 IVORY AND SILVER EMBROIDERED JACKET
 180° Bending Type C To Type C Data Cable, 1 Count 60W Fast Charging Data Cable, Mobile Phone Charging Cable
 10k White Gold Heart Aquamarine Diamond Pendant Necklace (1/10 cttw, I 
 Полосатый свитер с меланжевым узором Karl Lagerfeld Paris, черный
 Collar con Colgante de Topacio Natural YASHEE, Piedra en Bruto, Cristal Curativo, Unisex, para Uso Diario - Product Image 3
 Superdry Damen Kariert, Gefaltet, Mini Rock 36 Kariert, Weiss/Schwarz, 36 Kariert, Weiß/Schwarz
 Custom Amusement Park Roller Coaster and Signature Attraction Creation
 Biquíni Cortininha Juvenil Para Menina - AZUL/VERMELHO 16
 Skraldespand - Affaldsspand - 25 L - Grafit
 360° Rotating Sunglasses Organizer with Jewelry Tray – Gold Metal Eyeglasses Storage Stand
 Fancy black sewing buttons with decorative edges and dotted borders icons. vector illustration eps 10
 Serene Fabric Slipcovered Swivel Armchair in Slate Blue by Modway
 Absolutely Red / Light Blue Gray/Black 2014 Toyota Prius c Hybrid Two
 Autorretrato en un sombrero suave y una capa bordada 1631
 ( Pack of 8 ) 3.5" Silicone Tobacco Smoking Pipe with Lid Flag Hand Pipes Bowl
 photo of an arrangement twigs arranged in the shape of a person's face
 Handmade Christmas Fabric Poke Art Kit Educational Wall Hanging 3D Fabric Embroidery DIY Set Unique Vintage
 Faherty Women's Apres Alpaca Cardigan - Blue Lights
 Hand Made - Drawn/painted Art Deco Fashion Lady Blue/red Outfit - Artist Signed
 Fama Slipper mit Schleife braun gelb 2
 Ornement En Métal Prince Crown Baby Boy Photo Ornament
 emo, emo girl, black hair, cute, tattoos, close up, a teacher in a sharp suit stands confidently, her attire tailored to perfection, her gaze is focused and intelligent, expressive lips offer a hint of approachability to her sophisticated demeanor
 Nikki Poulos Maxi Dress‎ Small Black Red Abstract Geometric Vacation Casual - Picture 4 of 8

■ ■ ■ ■

Scan the lines above for the word "with". Return each one that has it.

 360° Rotating Sunglasses Organizer with Jewelry Tray – Gold Metal Eyeglasses Storage Stand
 Fancy black sewing buttons with decorative edges and dotted borders icons. vector illustration eps 10
 ( Pack of 8 ) 3.5" Silicone Tobacco Smoking Pipe with Lid Flag Hand Pipes Bowl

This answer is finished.